I love London. My mum was born in London, I met my husband in London and I have a major obsession with musical theatre so really it’s no great surprise it’s my favourite place to visit.

As I write this, while on another trip to London, I am reminded how blessed I am to have family here so I can visit often.

I have visited London at least twice a year since I was 5. I remember my first trip, the excitement of a flight on a BA plane. My mum and I traveled with my great uncle and back then we always dressed smart for a flight – I still don’t really know why. I remember the excitement, the joy at visiting Hamleys and the Disney Store,  going to Buckingham Palace and hoping to see the Queen or St James Park and believing that Peter Pan had been there and maybe Tinkerbell was nearby.

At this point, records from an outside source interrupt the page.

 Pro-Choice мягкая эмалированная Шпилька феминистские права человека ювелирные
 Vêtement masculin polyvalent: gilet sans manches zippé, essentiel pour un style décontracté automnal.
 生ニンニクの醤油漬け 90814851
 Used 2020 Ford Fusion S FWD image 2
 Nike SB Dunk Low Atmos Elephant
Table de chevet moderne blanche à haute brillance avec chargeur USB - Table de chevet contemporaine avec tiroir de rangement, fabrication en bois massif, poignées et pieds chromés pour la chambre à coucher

One thing I hated and still do is the underground. The escalators terrified me and once I froze after mum had stepped on and a stranger had to lift me and carry me. I also hated the announcement as you tried to get on the train saying ‘please mind the gap’. When I was 5 that gap seemed huge! I was lifted onto the train more times than I can count, it seemed such a far way to jump and I was so afraid of falling in and nobody noticing. Obviously as an adult I realise that could never have happened and these days it’s what’s on the other side of the gap that makes me anxious. The stepping over the gap into a jam packed crowded stuffy train where I can’t move and can barely think just fills me with dread. The thing is I now understand if I want to go and see all those exciting things – still mainly the Disney store, I have to take that step. The journey is unfamiliar, uncomfortable and sometimes difficult but it’s necessary to get to where I need to be.

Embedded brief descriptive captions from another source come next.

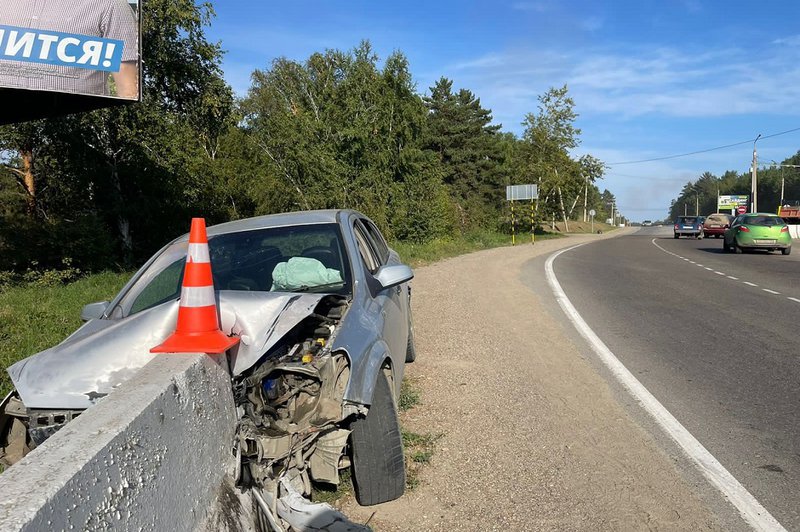 В Иркутском районе трое детей пострадали в ДТП из-за пьяной женщины за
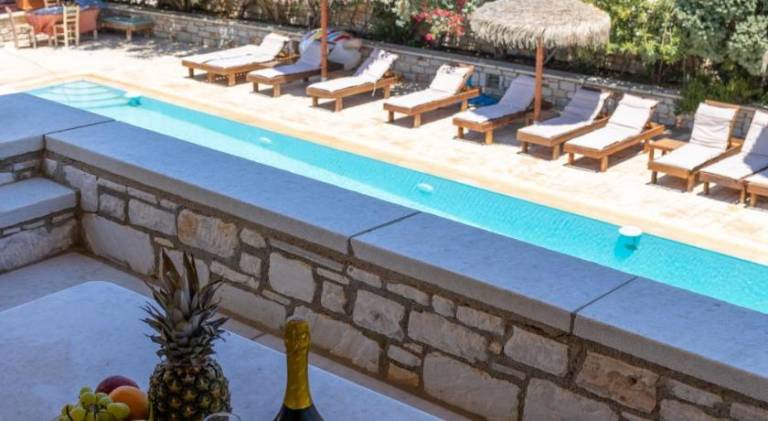 Charming serviced apartment with terrace, garden & pool | Close to the beach | Pets allowed — photo 4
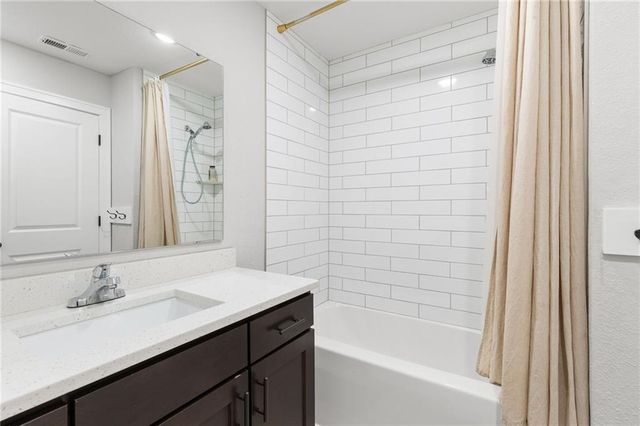 7422 Grand Slam Street, Parkville, MO 64152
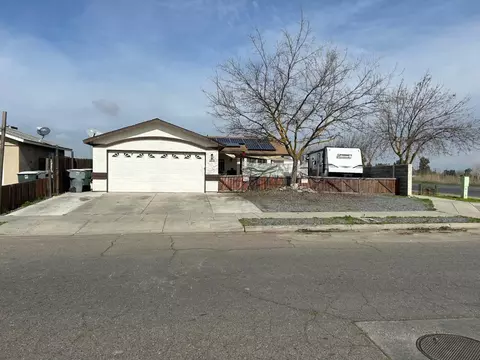 1375 Laguna Way, Madera, CA 93638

How often in life does the gap steal our joy? Does the darkness stop us from looking up to see there are options ahead or because the options are unfamiliar do we just choose not to take the risk and stand still? Sometimes in life we need to be still but more often we need to jump or if needed have a little lift or push to encourage us to keep moving. Once we make that jump it’s not always plain sailing, life gets messy or obstacles delay us. Once we make it onto the train it might not be the journey we expected and actually we are part of someone else’s journey, there to direct someone else. Sometimes, while we are half way along, someone gets on at another stop fresh faced while we are weary and burnt out. The people coming behind us are always more energised than we are and sometimes we have to hand them our ticket and change our destination.

I always wanted to be a teacher when I was at school. When I did work experience at 17 I worked with a little boy with ADHD, the teacher I worked with wrote to my school to say she thought I would be great working with children with additional needs as I had an ability to encourage this little boy – I didn’t become a teacher, my train took a route I didn’t expect and to be fair I derailed it a few times. Little did I know that my path was headed in a different way and I now have a son with ASD, a husband with ASD and ADHD and a journey I never planned to travel. If I had concentrated on the unknown or got overwhelmed by the gap – between the way I think and the way they do, the way my life would actually go to the way I had planned. If I had refused to hand over my ticket and accept my new direction I would have missed the most awesome journey of my life. I love my boys and their amazing journey, I love my daughter and our amazing path but mostly I love when we stick together we just jump straight over that gap barely noticing it’s there, laughing as we go.